If that sounds too long, remember that the question about getting
past ASCII was raised by Xerox and IBM in 1981 for the U.S. market,
and again by the Macintosh in 1984, and that most Usenet postings and
HTML source files from the U.S. are still in ASCII, and most of the
rest in Windows code pages.

>In 1993, I speculated that initial products would emerge in the 1995-1996
>time frame and would be refined to handle more scripts and more Unicode
>features and have a high implementation level by 2000.
>
>Clearly, I was wrong. : )

I made similar predictions in a published study in 1994. I think we
were not too dreadfully far off. A few products using Unicode
internally and capable of reading and writing files in one or more
Unicode formats were emerging in 1995. Windows 2000 and Office 2000
support 11 script systems,

Latin
Greek
Cyrillic
Hebrew
Arabic
Thai
Chinese
Korean
Japanese
Devanagari
Tamil

fairly reasonably at the Unicode 2.0 level.

(Aside: I am particularly pleased that Access handles CJK data
decently (not perfectly, of course), and I have plans to try it in a
few other scripts.

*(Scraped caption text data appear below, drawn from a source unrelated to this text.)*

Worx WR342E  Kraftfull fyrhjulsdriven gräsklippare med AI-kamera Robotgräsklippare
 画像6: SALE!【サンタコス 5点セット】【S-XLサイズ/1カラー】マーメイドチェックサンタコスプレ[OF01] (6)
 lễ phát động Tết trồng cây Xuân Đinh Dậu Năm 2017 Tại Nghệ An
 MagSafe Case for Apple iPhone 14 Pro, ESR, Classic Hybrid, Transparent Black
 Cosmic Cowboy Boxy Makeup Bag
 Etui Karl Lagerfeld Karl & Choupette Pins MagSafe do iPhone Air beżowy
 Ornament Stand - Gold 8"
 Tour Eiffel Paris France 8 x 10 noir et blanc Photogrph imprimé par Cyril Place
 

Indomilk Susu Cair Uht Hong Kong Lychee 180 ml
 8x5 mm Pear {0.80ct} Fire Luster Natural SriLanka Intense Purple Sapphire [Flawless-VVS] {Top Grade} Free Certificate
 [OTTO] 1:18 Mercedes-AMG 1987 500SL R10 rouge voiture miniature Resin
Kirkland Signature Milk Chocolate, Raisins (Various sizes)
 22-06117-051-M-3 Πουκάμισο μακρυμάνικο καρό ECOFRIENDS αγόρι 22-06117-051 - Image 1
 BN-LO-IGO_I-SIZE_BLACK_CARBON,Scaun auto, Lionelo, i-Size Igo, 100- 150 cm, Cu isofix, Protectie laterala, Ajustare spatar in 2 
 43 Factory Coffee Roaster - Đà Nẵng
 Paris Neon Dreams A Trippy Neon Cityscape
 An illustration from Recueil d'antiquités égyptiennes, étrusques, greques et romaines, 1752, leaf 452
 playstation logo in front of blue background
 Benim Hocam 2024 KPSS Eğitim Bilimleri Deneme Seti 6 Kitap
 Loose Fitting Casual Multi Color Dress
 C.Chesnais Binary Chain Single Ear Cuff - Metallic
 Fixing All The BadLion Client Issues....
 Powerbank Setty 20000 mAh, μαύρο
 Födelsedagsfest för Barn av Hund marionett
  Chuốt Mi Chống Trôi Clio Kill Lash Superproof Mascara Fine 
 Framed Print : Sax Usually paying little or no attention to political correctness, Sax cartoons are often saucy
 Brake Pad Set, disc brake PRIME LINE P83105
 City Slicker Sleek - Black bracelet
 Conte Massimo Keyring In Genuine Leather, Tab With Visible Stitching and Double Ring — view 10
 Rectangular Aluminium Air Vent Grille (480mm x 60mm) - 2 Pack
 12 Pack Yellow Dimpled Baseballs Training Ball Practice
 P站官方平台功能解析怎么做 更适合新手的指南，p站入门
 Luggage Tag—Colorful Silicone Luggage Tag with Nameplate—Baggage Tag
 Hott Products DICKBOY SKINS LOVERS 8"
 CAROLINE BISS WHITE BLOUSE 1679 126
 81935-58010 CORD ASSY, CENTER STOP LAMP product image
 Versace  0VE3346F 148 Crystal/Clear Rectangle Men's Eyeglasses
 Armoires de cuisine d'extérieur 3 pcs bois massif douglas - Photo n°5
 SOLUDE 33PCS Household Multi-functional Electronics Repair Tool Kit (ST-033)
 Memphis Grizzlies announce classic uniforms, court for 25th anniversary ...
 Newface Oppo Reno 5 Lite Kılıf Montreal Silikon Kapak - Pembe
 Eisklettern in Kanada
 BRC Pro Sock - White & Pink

I have imported CJKXREF and much of Unihan into
Access, with added fields for characters, and for Cangjie data.
Pronunciations written in native scripts (Zhuyin, Hangeul, Kana) will
be next, when I get time to write some conversion routines.
Performance in Access is far better for sorts and lookups than Word
tables (shudder) or Excel, and of course Access has queries besides.)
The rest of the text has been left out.